How Tariffs and Trade Wars Could Affect Your Wallet
13 Min Read | Apr 11, 2025

Key Takeaways
- A tariff is a tax placed on goods imported from other countries. In theory, tariffs are designed to protect U.S. industries, regulate trade, and generate revenue. But consumers could end up paying more through higher prices.
- Since returning to office, President Donald Trump has planned and threatened (and, in some cases, delayed or withdrawn) several new tariffs aimed at countries around the world.
- Everything from basic items like food and clothing to big-ticket purchases like smartphones and cars could get more expensive as tariffs go into effect. That's why it's always important to plan ahead with your budget and watch your spending.
- No matter what’s happening in the stock market, don’t panic. Stay steady with long-term investments. Trying to time the market is risky—sticking with a consistent investing plan is the way to go.
President Donald Trump’s love for tariffs is no secret. On the campaign trail and throughout his time in office (both times), he has taken almost every chance he gets to talk about his plans to use tariffs to boost revenue and to fix trade imbalances with other countries.
“The word tariff, to me, is a very beautiful word because it can save our country, truly . . . We can turn our country around, make it strong, and then guard it with tariffs,” Trump said during an interview with Dave Ramsey a month before Election Day.
Now that he’s back in the Oval Office, Trump is following through on his campaign promise to impose wide-ranging tariffs—and, in the process, potentially sparking an international trade war with friends and foes alike.
But hold up. Unless you have a degree in advanced economics, you’re probably wondering what a tariff is and why people are losing their hair (and sleep) over a potential trade war. More importantly, you’re probably asking how all of this will affect your money and your investments. Let’s break it down.
What’s a Tariff?
First, a tariff is a tax that a government places on goods imported from another country—anything from tennis shoes to computer chips. A country may import retail items (like TVs) or raw materials (like steel or corn).

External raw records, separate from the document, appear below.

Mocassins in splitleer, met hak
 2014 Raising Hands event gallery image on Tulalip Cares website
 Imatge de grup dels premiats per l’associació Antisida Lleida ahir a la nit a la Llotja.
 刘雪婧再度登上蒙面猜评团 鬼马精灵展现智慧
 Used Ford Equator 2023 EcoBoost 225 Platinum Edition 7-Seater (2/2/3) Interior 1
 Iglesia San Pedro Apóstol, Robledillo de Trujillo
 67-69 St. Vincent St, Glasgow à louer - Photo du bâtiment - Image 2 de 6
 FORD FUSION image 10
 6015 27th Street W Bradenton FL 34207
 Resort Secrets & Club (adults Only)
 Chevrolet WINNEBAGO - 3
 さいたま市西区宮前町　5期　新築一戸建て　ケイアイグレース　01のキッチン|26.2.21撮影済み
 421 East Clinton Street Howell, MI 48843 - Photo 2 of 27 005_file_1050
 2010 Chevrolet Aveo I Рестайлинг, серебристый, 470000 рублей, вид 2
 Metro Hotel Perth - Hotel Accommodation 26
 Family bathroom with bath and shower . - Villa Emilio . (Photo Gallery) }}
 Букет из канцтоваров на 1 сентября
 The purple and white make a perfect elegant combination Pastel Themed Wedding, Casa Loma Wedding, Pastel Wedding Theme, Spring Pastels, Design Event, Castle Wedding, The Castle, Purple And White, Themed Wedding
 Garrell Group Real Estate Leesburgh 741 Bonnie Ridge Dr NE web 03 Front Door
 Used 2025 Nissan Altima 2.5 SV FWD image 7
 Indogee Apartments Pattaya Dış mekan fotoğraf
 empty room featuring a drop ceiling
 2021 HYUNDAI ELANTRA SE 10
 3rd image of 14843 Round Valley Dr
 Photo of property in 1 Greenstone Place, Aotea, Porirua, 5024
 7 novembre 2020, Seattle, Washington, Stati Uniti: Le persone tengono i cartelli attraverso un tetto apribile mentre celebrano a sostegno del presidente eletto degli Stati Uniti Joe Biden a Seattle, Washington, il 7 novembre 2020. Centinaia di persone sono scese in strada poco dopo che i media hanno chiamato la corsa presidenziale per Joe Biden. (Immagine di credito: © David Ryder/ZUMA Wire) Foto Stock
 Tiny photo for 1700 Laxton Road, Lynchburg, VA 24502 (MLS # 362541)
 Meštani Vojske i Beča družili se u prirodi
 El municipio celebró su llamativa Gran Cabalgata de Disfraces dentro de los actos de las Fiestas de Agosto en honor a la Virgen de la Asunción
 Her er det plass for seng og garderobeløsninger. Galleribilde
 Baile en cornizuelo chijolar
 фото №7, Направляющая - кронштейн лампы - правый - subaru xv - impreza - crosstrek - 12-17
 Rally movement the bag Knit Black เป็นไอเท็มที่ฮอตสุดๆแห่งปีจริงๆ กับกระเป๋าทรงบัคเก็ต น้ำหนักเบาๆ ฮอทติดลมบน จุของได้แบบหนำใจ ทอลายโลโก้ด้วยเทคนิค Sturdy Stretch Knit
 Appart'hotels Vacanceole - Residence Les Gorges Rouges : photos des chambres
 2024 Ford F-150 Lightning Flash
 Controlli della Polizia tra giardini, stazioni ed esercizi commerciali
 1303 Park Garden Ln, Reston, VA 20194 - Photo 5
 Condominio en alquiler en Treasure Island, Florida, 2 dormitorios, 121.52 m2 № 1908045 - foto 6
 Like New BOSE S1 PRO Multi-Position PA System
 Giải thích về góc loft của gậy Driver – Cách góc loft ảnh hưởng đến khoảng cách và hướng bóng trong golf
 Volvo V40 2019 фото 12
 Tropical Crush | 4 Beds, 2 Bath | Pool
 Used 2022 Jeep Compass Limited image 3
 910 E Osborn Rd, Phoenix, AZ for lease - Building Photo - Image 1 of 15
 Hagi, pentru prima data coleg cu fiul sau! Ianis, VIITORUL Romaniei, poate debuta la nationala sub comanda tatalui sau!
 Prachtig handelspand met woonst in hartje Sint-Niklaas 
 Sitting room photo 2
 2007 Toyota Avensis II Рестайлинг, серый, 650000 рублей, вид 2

There are basically two types of tariffs: ad valorem tariffs and specific tariffs.
An ad valorem tariff is a fixed percentage tax on the value of an imported good. So if the United States imposed a 10% ad valorem tariff on all foreign coffee and you imported a $20 bag of coffee beans from Colombia, you’d pay $2 in tariffs in addition to the coffee’s original price.
A specific tariff is a fixed amount per unit that doesn’t change if the international price of the good goes up or down. So if the U.S. imposed a $5-per-pound tariff on all foreign coffee, you’d pay an extra $5 on any coffee you bought from outside the country, whether it was Ethiopian coffee originally priced at $10 per pound or a $100-per-pound bag of Blue Mountain (that’s the good stuff!).
Any country can impose a tariff on goods from any other country, but many countries are bound by existing trade deals and trade rules—and by potential retaliation from other countries—that could make tariffs messy to implement.
Why Do Governments Impose Tariffs?
The theory behind a tariff is simple—at least on paper. When taxes are imposed on an imported item, individuals and companies that need the item have to pay more for it.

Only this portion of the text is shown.